## Your instructions
Please return, with no alterations, the lines below from the very first through the one that contains "- Utilización del".

Start of Given records

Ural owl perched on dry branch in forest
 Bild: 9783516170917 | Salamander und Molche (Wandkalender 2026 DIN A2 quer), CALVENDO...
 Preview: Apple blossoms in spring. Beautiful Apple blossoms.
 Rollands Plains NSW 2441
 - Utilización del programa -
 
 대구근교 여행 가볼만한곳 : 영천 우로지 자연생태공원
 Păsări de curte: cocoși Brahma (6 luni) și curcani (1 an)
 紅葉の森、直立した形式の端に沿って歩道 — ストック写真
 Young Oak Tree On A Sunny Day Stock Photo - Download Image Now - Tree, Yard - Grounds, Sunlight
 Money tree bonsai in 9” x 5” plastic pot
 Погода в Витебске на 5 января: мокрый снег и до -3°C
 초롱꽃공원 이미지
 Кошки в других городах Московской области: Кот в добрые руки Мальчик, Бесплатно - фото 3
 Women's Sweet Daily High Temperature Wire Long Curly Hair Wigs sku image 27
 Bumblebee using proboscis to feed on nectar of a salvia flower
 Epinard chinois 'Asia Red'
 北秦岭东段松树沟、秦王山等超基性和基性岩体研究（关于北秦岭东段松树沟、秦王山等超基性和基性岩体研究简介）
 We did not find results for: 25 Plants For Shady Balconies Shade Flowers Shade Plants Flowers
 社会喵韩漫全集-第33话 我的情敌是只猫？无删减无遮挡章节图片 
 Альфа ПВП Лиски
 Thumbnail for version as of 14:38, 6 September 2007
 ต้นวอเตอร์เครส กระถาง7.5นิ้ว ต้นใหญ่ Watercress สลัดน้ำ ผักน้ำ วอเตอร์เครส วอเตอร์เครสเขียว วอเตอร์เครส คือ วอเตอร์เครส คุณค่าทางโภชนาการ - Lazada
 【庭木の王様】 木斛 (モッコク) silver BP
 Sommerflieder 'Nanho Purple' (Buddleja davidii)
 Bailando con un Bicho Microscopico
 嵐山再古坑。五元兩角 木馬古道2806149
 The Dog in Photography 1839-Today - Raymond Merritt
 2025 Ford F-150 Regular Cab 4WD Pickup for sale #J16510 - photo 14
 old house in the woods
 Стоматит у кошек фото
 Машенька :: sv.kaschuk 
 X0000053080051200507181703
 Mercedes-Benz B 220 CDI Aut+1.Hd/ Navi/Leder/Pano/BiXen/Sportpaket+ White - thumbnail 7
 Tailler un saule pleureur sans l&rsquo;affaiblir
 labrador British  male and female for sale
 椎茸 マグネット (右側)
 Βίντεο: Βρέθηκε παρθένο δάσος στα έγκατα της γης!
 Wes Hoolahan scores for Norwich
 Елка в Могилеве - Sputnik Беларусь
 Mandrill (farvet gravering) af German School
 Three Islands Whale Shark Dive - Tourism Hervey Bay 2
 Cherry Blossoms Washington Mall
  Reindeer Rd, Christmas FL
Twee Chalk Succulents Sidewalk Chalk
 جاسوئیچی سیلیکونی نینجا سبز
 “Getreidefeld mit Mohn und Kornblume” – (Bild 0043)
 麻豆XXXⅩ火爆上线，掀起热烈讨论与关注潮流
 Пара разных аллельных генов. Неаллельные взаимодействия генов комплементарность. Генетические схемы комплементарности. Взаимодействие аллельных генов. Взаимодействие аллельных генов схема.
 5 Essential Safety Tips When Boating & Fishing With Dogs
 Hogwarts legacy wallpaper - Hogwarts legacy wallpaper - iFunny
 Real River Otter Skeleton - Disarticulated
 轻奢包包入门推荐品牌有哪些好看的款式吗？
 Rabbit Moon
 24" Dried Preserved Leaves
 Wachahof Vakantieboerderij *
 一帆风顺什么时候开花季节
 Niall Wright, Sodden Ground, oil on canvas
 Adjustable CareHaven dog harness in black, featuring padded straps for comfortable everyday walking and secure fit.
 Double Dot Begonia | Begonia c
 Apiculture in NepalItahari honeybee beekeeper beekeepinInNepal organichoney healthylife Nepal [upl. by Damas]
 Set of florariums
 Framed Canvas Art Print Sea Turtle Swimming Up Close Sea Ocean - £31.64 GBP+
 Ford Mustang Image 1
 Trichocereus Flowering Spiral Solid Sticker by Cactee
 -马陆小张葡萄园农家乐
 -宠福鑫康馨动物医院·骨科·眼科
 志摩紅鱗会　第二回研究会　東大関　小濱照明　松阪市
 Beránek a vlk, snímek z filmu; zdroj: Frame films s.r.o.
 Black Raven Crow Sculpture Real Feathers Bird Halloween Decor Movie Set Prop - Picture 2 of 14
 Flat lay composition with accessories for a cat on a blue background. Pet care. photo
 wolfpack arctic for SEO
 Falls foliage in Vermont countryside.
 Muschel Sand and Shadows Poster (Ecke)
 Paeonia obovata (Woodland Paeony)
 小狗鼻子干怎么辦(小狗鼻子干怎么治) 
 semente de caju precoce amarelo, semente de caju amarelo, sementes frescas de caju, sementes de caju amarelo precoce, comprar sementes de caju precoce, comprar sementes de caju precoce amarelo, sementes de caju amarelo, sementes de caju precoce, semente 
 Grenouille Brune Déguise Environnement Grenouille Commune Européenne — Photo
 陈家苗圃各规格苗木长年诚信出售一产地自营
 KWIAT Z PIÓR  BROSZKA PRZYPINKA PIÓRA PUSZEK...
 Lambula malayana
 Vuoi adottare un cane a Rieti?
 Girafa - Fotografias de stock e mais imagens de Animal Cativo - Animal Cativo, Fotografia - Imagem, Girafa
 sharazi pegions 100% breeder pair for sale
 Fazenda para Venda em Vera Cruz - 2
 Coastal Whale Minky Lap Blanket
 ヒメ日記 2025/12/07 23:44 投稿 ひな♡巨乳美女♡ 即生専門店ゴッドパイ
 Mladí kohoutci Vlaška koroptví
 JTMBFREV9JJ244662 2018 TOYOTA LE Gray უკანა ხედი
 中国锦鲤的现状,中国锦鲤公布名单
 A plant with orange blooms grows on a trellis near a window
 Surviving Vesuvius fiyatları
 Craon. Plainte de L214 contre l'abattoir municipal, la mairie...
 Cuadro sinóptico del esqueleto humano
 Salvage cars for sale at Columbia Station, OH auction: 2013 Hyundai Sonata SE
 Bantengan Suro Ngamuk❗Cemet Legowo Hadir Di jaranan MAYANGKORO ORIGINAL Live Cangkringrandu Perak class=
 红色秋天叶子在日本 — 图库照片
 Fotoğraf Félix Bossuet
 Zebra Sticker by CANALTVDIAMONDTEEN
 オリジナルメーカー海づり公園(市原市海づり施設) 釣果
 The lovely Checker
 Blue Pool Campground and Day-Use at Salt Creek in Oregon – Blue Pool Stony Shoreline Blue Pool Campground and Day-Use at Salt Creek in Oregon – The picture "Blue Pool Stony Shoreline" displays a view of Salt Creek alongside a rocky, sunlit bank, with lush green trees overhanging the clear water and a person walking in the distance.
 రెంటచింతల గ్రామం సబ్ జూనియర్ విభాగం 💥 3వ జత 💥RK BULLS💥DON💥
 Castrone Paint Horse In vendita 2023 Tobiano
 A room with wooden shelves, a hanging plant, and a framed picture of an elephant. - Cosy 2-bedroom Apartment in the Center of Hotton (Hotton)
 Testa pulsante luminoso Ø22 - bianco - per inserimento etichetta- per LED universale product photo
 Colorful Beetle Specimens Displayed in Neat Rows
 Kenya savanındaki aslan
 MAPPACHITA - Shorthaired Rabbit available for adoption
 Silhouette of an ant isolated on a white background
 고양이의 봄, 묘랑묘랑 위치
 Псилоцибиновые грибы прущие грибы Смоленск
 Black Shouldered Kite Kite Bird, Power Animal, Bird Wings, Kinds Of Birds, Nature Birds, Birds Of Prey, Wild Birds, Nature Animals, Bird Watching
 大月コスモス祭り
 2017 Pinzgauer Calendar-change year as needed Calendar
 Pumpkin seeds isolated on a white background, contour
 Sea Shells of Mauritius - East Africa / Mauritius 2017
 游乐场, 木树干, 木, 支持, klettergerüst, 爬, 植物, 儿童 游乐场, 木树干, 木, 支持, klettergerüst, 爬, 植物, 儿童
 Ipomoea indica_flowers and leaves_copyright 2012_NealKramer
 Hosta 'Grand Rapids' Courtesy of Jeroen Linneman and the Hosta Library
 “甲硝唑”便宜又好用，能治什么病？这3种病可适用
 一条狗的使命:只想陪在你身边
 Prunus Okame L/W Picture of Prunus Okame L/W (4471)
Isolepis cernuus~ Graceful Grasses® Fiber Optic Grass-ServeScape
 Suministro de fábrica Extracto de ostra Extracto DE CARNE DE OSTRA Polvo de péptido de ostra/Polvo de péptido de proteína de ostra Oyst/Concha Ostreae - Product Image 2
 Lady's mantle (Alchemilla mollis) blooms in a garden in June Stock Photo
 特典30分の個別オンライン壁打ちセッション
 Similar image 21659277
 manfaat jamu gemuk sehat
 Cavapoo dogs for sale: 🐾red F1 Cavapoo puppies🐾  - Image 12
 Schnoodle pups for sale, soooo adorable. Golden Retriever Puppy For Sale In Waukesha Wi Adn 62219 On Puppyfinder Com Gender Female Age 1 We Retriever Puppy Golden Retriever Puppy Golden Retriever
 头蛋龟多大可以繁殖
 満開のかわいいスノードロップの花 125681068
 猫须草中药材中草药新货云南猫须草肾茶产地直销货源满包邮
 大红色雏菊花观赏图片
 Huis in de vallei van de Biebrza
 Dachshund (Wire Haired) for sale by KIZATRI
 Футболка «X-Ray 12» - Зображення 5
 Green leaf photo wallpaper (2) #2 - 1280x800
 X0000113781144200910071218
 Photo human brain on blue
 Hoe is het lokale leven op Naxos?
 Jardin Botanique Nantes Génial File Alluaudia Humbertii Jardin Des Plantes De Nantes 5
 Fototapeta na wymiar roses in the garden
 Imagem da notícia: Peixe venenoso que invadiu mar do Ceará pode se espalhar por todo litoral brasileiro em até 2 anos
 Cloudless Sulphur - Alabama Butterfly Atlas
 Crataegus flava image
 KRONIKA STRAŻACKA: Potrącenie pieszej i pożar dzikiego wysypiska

End of Given records

## Solution for this exercise
Ural owl perched on dry branch in forest
 Bild: 9783516170917 | Salamander und Molche (Wandkalender 2026 DIN A2 quer), CALVENDO...
 Preview: Apple blossoms in spring. Beautiful Apple blossoms.
 Rollands Plains NSW 2441
 - Utilización del programa -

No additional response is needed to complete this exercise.